> [RECORDS FOR THE TASK]:
::::

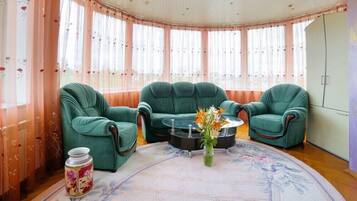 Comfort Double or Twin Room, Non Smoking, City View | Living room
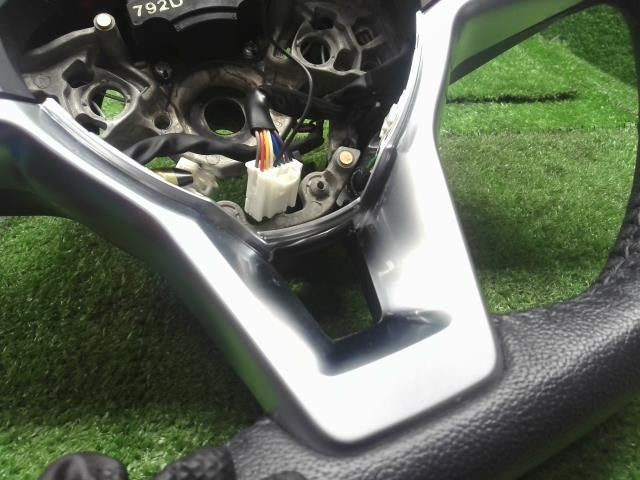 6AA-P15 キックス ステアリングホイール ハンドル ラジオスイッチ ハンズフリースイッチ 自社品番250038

::::

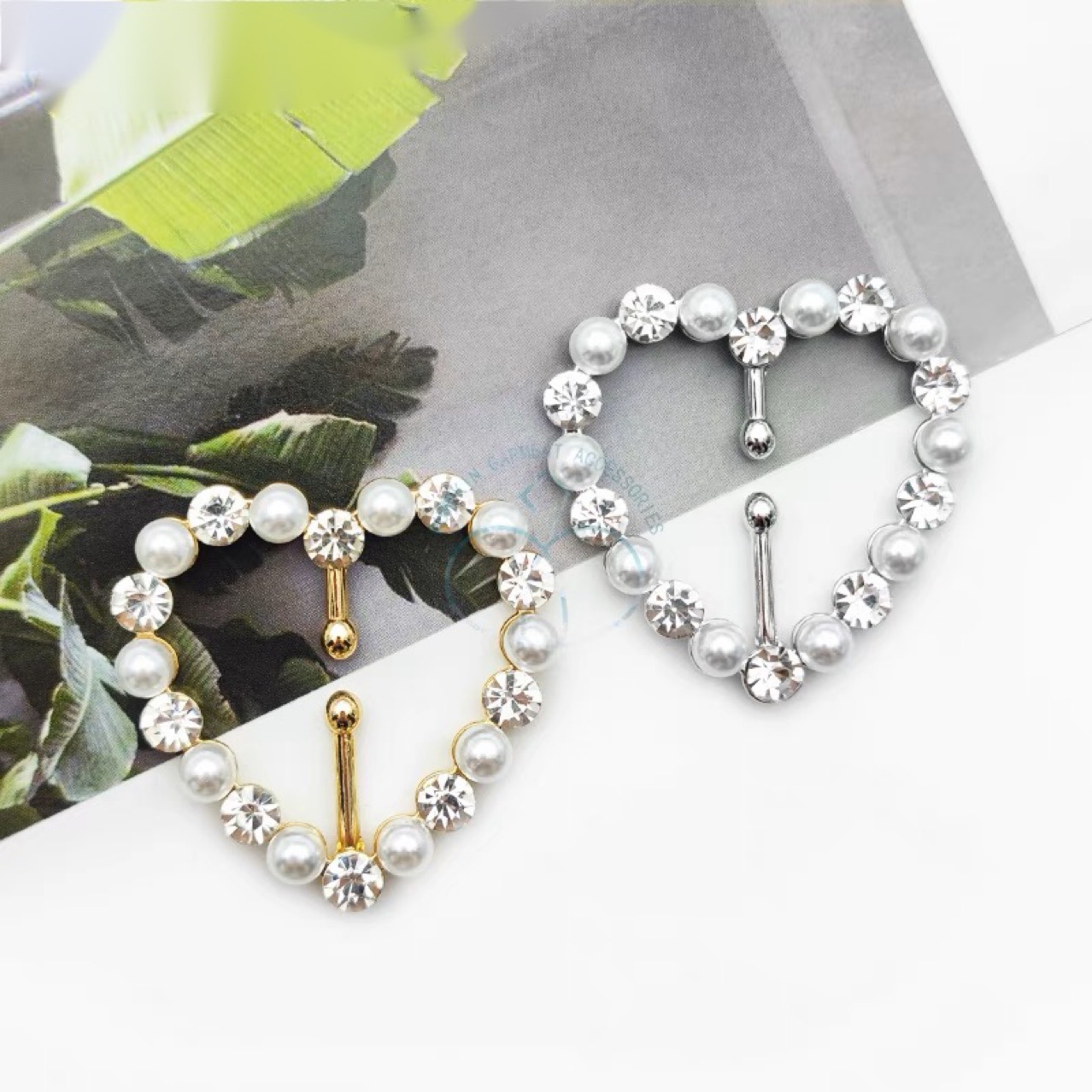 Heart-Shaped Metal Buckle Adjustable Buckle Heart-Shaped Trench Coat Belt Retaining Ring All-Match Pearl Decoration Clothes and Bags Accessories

::::

> [PROBLEM REQUIREMENTS]:
Output only the stretch above from the line with "Comfort Double or" through the line with "6AA-P15 キックス ステアリングホイール", reproduced exactly. Exclude pictures.

> [YOUR SOLUTION]:
 Comfort Double or Twin Room, Non Smoking, City View | Living room
 6AA-P15 キックス ステアリングホイール ハンドル ラジオスイッチ ハンズフリースイッチ 自社品番250038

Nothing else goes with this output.